Meet the United Nations Environment Assembly

Meet UNEA
Delia Grace makes a presentation at a Science Policy Forum that preceded the second session of the United Nations Environment Assembly, on 20 May 2016.

The United Nations Environment Assembly (UNEA) is the main governing body of the United Nations Environment Programme (UNEP). UNEP was established in 1972 at the conclusion of the Stockholm Conference on the Human Environment, in response to human effect on the environment based on scientific research at the time.

The original Governing Body of UNEP comprised 54 members that elected for three-year terms. Their mandate was broad and unspecific, and it focused less on deliberate action than on reviewing emerging scientific information, national environmental programs and the world environment situation. Their work culminated in an annual report to the General Assembly. The Stockholm Conference also recommended that a small secretariat be established to the Executive Director of UNEP and help carry out UN environment programs worldwide.

UNEP got to work quickly, and within its first decade passed a convention on the trade of endangered species, and adopted a plan for coastal zone management in the Mediterranean, and a convention protecting more than 120 migratory species.
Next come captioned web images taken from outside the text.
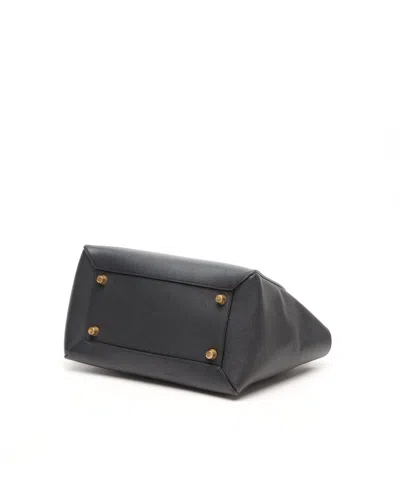 Celine Céline Grained Calfskin Mini Belt Bag In Black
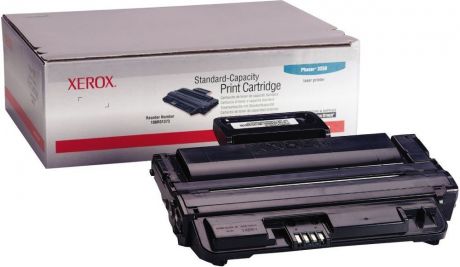 Картридж Xerox 106R01373, черный, для лазерного принтера, оригинал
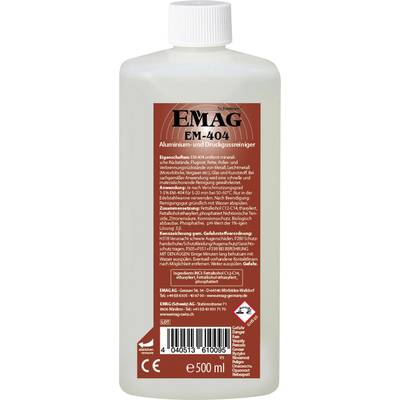 Emag EM404 Reinigungskonzentrat Mineralische Rückstände  500 ml  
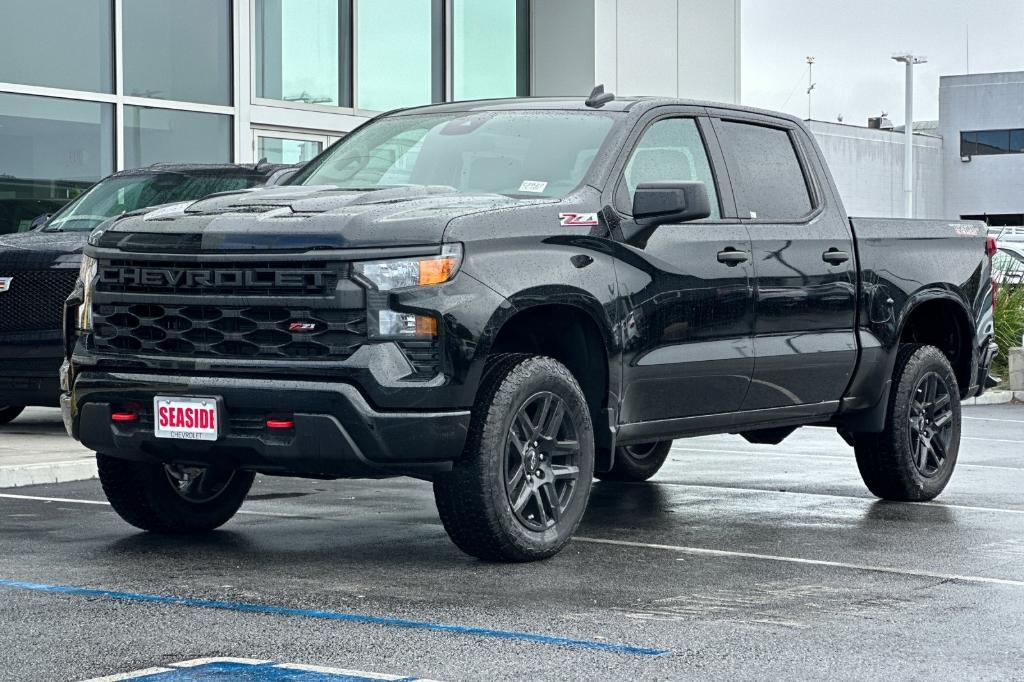 new 2025 Chevrolet Silverado 1500 car, priced at $57,950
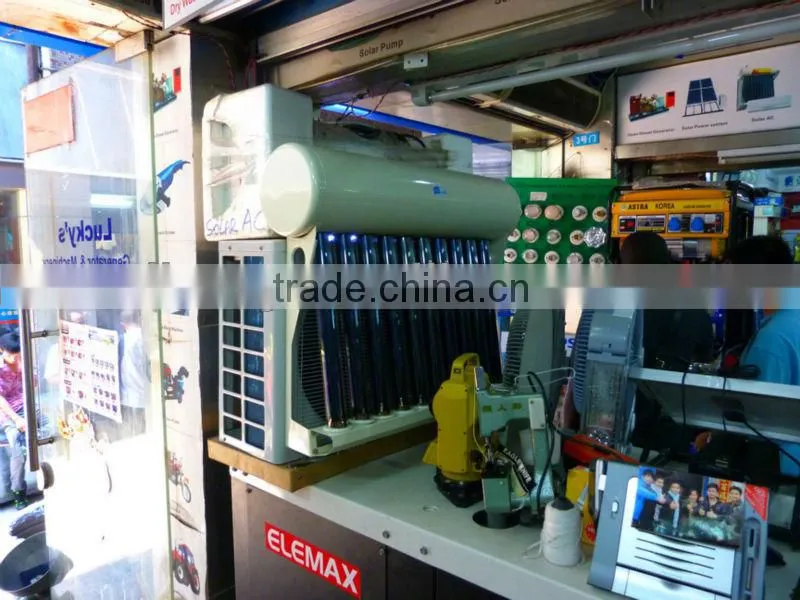 floor ceiling Type Hybrid Solar Air Conditioner for homes ,school,supermarket,solar AC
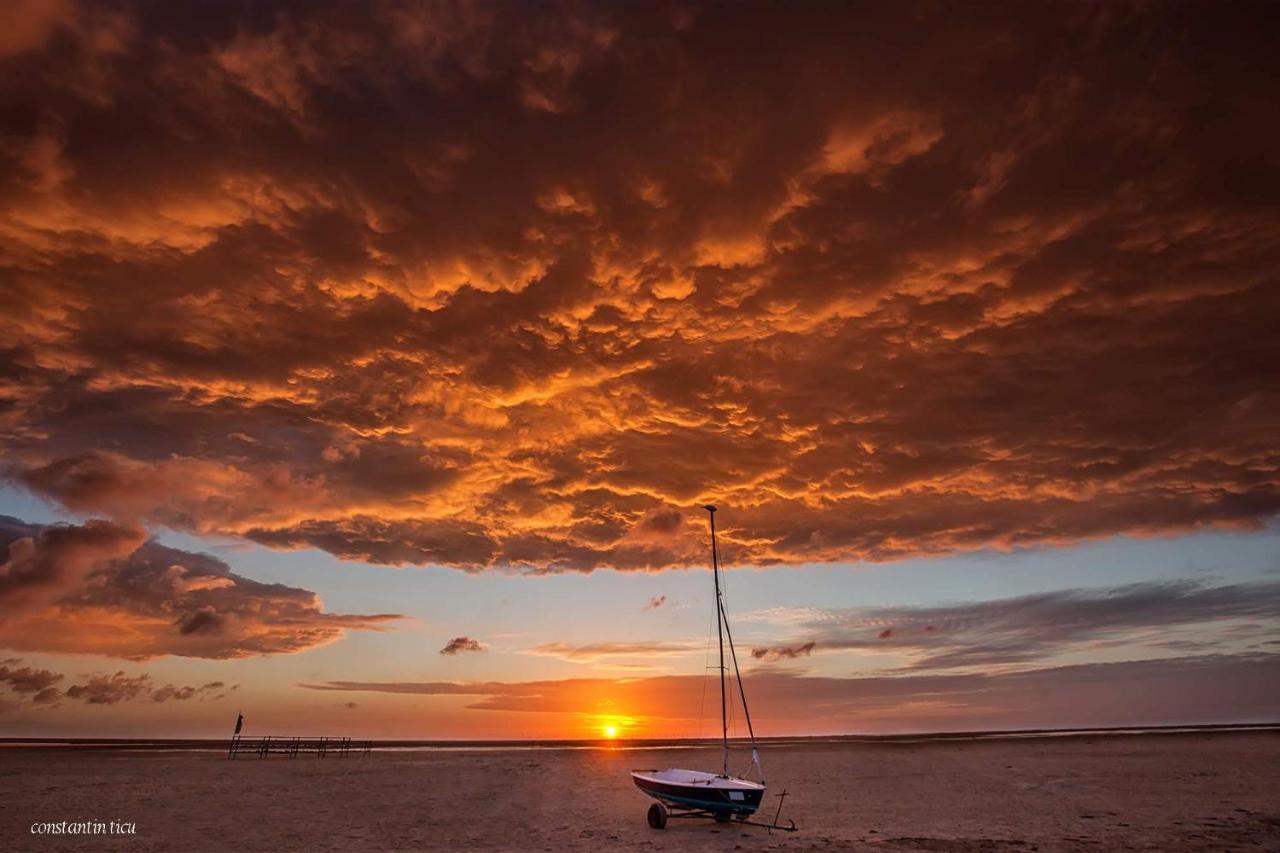 Appartamento Haus Pop Borkum Esterno foto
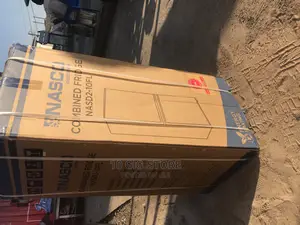 Photo - Flashy NASCO Nas D2-10. Bottom Freezer Refridgerator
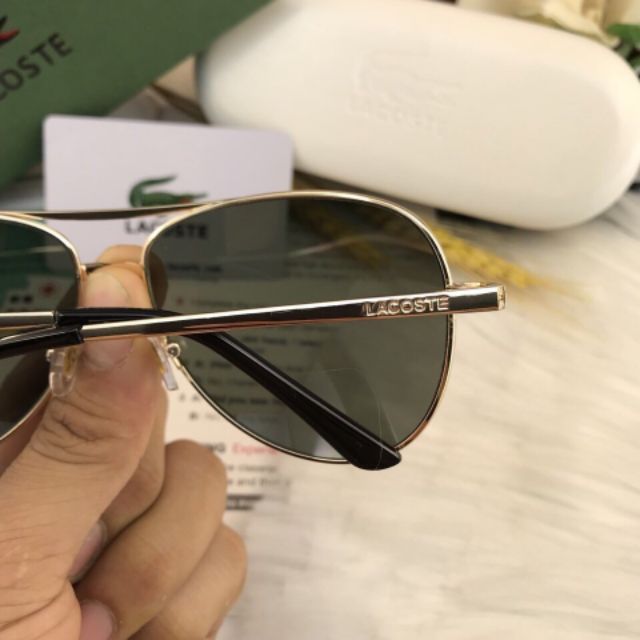 MẮT KÍNH CÁ SẤU THỜI TRANG NAM CỰC NGẦU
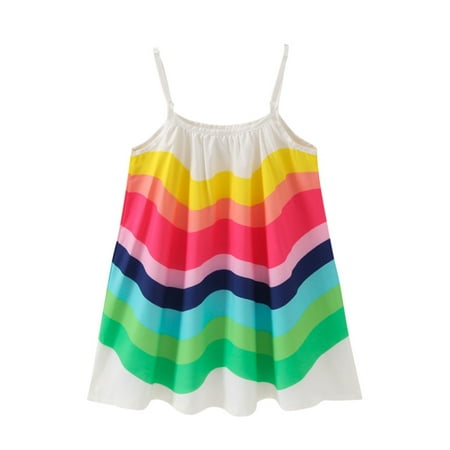 Little Girls Cotton Dress Sleeveless Casual Summer Sundress Flower Printed Jumper Skirt
Little Girls Cotton Dress Sleeveless Casual Summer Sundress Flower Printed Jumper Skirt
In 1987, UNEP was instrumental in passing the Montreal Protocol, which was the first international agreement aimed at reducing the use and manufacture of ozone-reducing chemicals. This was followed in 1988 by the formation of the Intergovernmental Panel on Climate Change (IPCC) at the urging of UNEP and the World Meteorological Organization. The IPCC was instrumental in passing the 1997 Kyoto Protocol, the landmark international agreement on global warming. In 1992, the UN Conference on Environment and Development adopted the Rio Declaration on Environment and Development and Agenda 21, both significant international agreements on the importance of sustainable, environment-friendly development.

By 2000, the work of protecting the environment had become a central tenet of the United Nations, enshrined in Goal 7 the Millennium Development Goals: Ensure Environmental Sustainability. In 2001, with the adoption of the Stockholm Convention, Member States made commitments to limit the use of chemicals that persist for long periods of time in the environment. In 2008, UNEP announced that it would become a climate-neutral branch of the United Nations and launched a Global Green New Deal to help focus the global economy on clean technologies.
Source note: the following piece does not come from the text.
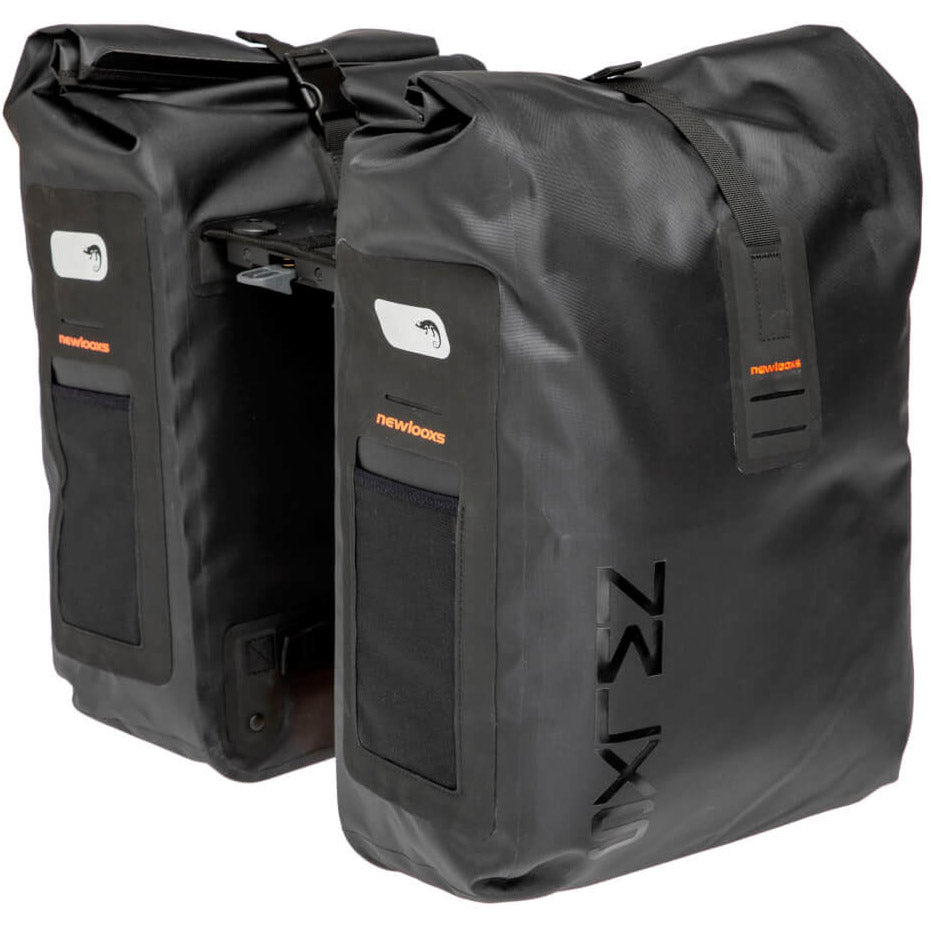 New Looxs Varo Double Pannier 40L RackTime dub.tas afn.zwart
Forty years after the formation of UNEP, United Nations Member States gathered at the 2012 United Nations Conference on Sustainable Development (Rio+20), and decided to strengthen and reorganize UNEP and expand access to its governing body to all UN Members. Recognizing the significant work of UNEP over its first 40 years, and with a newly expanded mandate, the governing body of UNEP decided to change its name to the United Nations Environment Assembly and set its first session of the UNEA in 2014. The new UNEA would meet biennially in Nairobi, Kenya.
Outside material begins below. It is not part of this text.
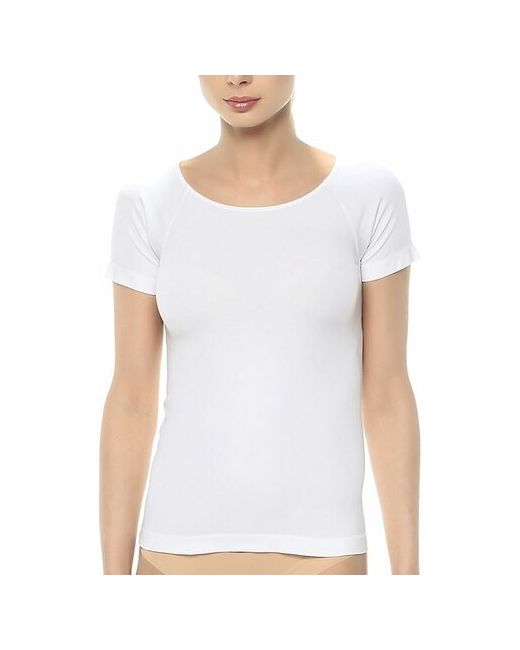 Intimidea Футболка T-Shirt Valencia размер 2-/M bianco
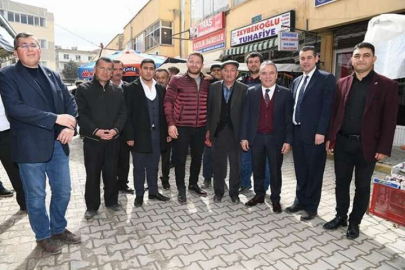 “Muhittin Böcek’e dil uzatıyorlar”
By the time the UNEA held its first meeting in 2014, reports showed that the Montreal Protocol and UNEP’s work had begun to show some signs of recovery of the ozone layer. It was an optimistic sign that human action could correct human damage to the environment. In 2015, the United Nations adopted the new Sustainable Development Goals (SDGs). Several of the SDGs focus, at least partly, on the environment:

 

The most significant climate agreement to date, the Paris Agreement, came about as a result of the United Nations Climate Change Conference COP21, held in 2015. The second UNEA meeting, in May of 2016, brought together more than 2500 participants including heads of state, heads of UN organizations, representatives from the private sector and more than 170 environment ministers from different countries. Over the course of a week, the UNEA approved 25 resolutions and discussed how the international community could best meet the 2030 agenda. The most recent meeting, UNEA-3, took place from 4-6 December 2017, and brought together more than 4300 delegates from more than 170 Member States to address the theme of a pollution-free planet. During this meeting, the UNEA adopted 11 resolutions, including a political declaration on pollution by consensus.

Today the UNEA helps construct the global environmental agenda and works with other UN agencies and non-governmental environmental organizations to enact it. The UNEA uses its own unique rules of procedure and is led by the UNEA Bureau and the President of the UNEA, currently Dr. Edgar E. Gutiérrez-Espeleta, Minister of Environment and Energy for Costa Rica. The UNEA and UNEP are among the most active and engaged of UN agencies and their work is recognized worldwide. The UNEA will meet next at UNEA-4 from 11-15 March 2019 in Nairobi, Kenya, while in the meantime UNEP continues to do its part to help create a better, safer global environment for all people.